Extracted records
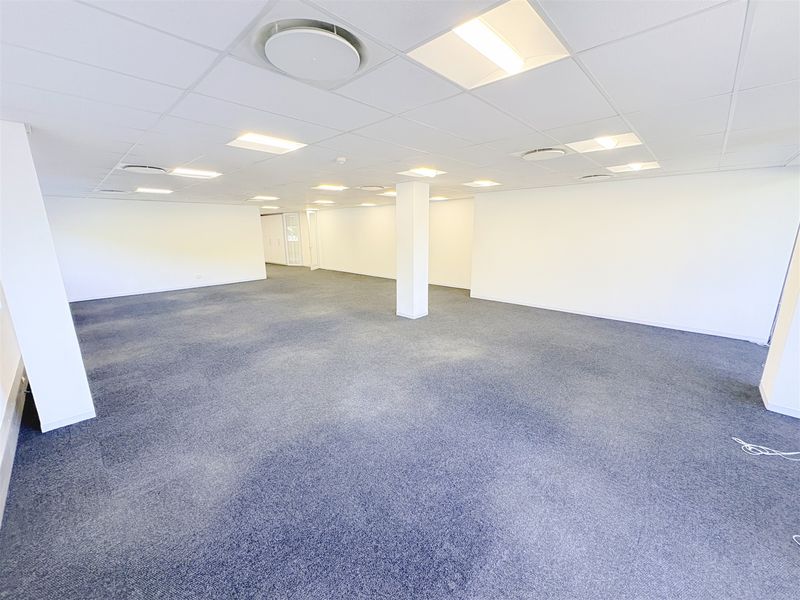 A spacious, open-plan office area featuring a suspended ceiling with recessed lighting, carpeted flooring, and structural support columns.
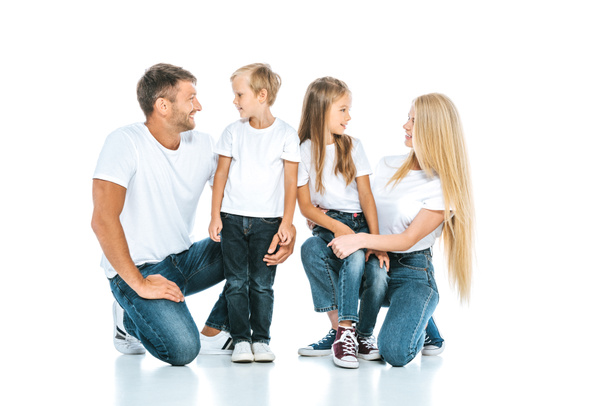 happy man looking at son near wife and daughter on white  - Photo, Image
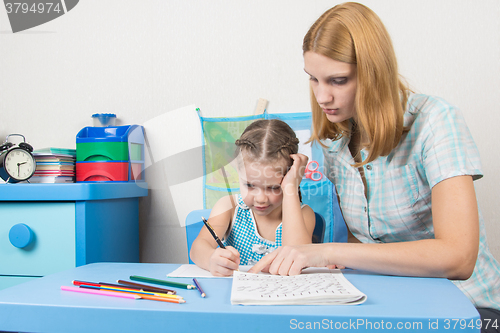 Image of  Tutor teaches the child to write letters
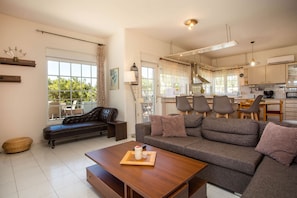 A modern living room with a sofa, coffee table, and a dining area with chairs and a table.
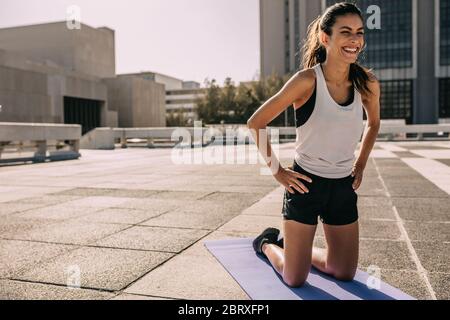 Fit Frau kniet auf Trainingsmatte im Freien. Frauen in Sportbekleidung gehen Yoga in der Stadt. Stockfoto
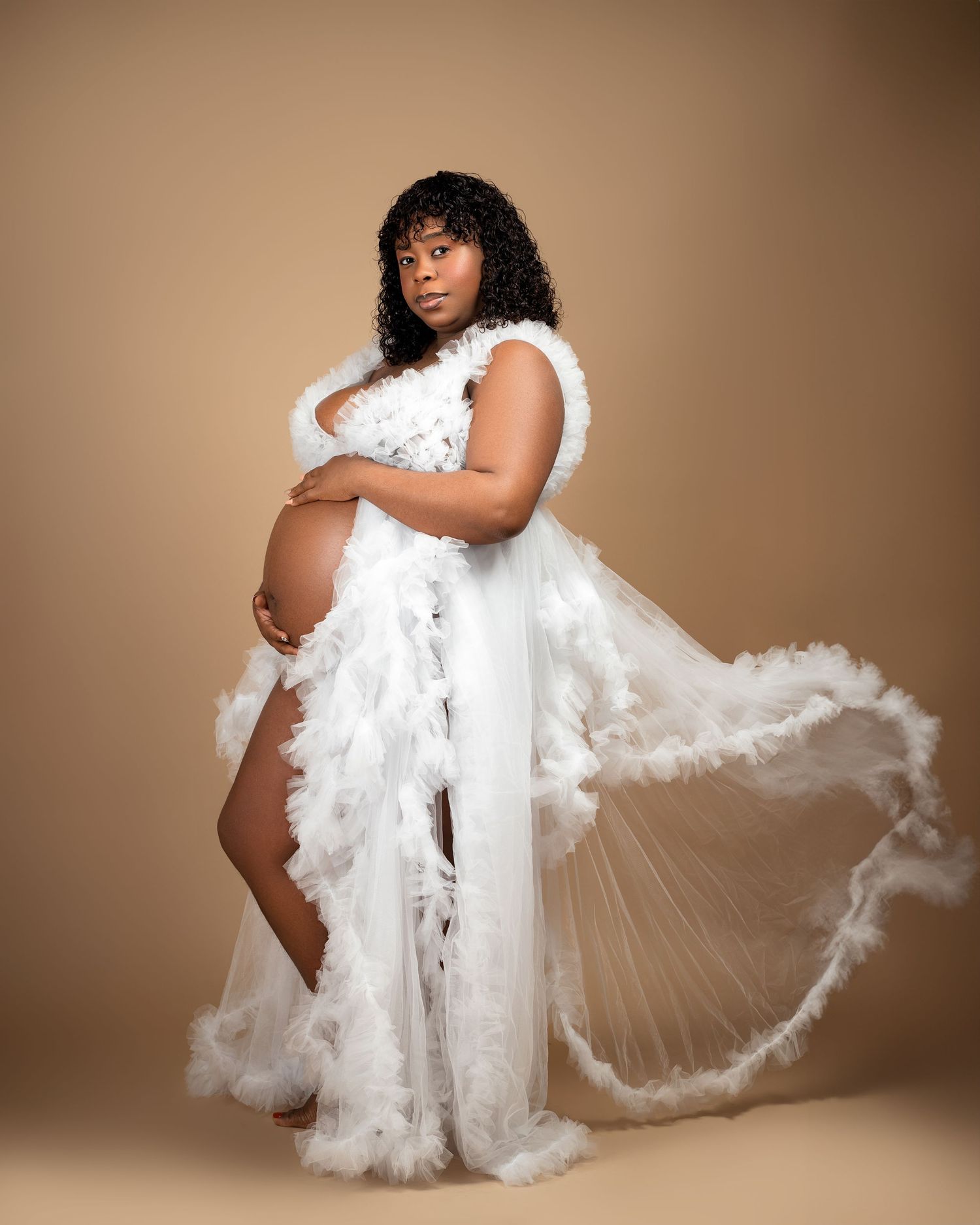 Artistic maternity portrait in flowing white feathered gown against warm backdrop.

▶ _ASSIGNMENT_: Look above for the line with "happy man looking", then print it and each line after it down to and including the line with "A modern living". Leave out the pictures and keep the wording exact.

▶ _SOLUTION TO THIS PROBLEM_:
 happy man looking at son near wife and daughter on white  - Photo, Image
 Image of  Tutor teaches the child to write letters
 A modern living room with a sofa, coffee table, and a dining area with chairs and a table.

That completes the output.